Krimi  // be.bra verlag // 2017 
262 Seiten // 12 Euro 

Zum sechsten Mal geht Oberarzt Dr. Felix Hoffmann mit tatkräftiger Unterstützung seiner Freundin Celine auf Verbrecherjagd. Hoffmann muss zeitweilig „Innendienst“ in der Humana-Klinik leisten. Eine Journalistin hat seine Äußerungen im Rahmen eines Interviews aus dem Zusammenhang gerissen und bei youtube eingestellt. Dieses beschert Dr. Hoffmann nicht nur zweifelhafte Berühmtheit, sondern auch die Ablehnung seiner Patienten.

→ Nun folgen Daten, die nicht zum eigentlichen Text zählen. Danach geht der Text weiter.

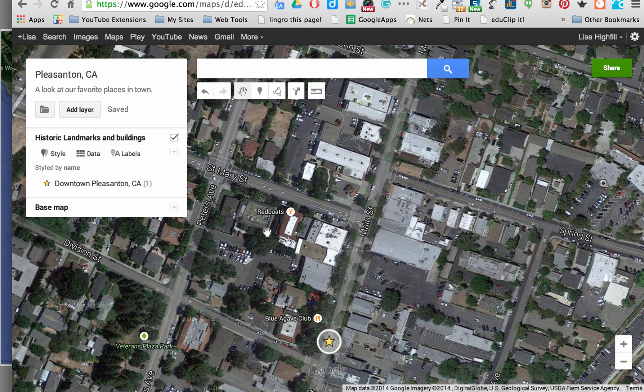Now I can add more layers, such as Best Places to Eat in Pleasanton, or maybe Schools in Pleasanton, or another one I'll be making a tutorial for next: Best Places to Play in Pleasanton — that could be playing for any age.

So darf er nun die Akten von Dr. el Ghandur, der die Klinik überstürzt verlassen hat, aufarbeiten. Dabei stößt er auf eine signifikante Häufung von Wiederbelebungen von Patienten oftmals mit tödlichem Ausgang. Mehrere Personen geraten in das Fadenkreuz der Ermittlungen von Dr. Hoffmann und Celine, die sich ihrerseits intensiven Nachforschungen der Polizei in Gestalt von Kommissar Czernowske ausgesetzt sehen. Dabei bewahrt die umsichtige und charmante Celine ihren Partner mehrmals davor, selbst als Hauptverdächtiger in den Focus zu rücken. Zeitweise ziemlich lädiert meistern die beiden jedoch auch dieses Abenteuer.

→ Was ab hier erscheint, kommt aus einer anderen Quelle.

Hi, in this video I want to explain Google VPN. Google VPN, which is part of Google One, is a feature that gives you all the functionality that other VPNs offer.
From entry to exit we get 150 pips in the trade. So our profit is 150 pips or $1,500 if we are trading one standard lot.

Nach der Lektüre des Buches fragten wir uns, wieso es Dr. Hoffmann und Celine noch nicht auf die Leinwand geschafft haben. Witzig, manchmal ironisch, zuweilen in Gestalt von Dr. Hoffmann auch etwas tolpatschig treiben sie den Fall der Lösung zu. Es gibt gut dosierte Action, keine überflüssige Brutalität, interessante Charaktere, viel Spannung, manchmal geraten die Ermittlung kurzzeitig in eine Sackgasse – kurzum man findet alles, was man für einen guten Film braucht.

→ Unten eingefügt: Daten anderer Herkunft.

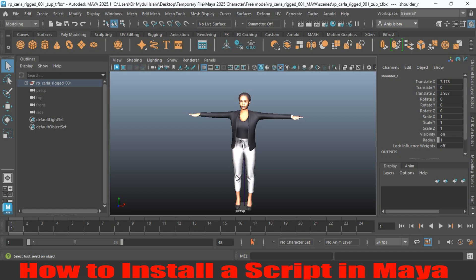In this tutorial I am going to show you how to install a script in Maya 2025. Maya only supports two types of script: MEL script and Python script.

Mit Christoph Spielberg als langjährigem Oberarzt an einem Krankenhaus schildert ein Insider den Klinikalltag. Nebenbei stellt er die Probleme des Krankenhauswesens, wie wirtschaftliche Zwänge, Personalmangel, Überarbeitung usw. dar. Gewollt stellt das Buch auch oftmals Bezüge zu realen Fällen, wie der Tötung von Patienten durch Krankenhauspersonal. Insgesamt ein rundum gelungenes Buch, das großes Lesevergnügen bereitet.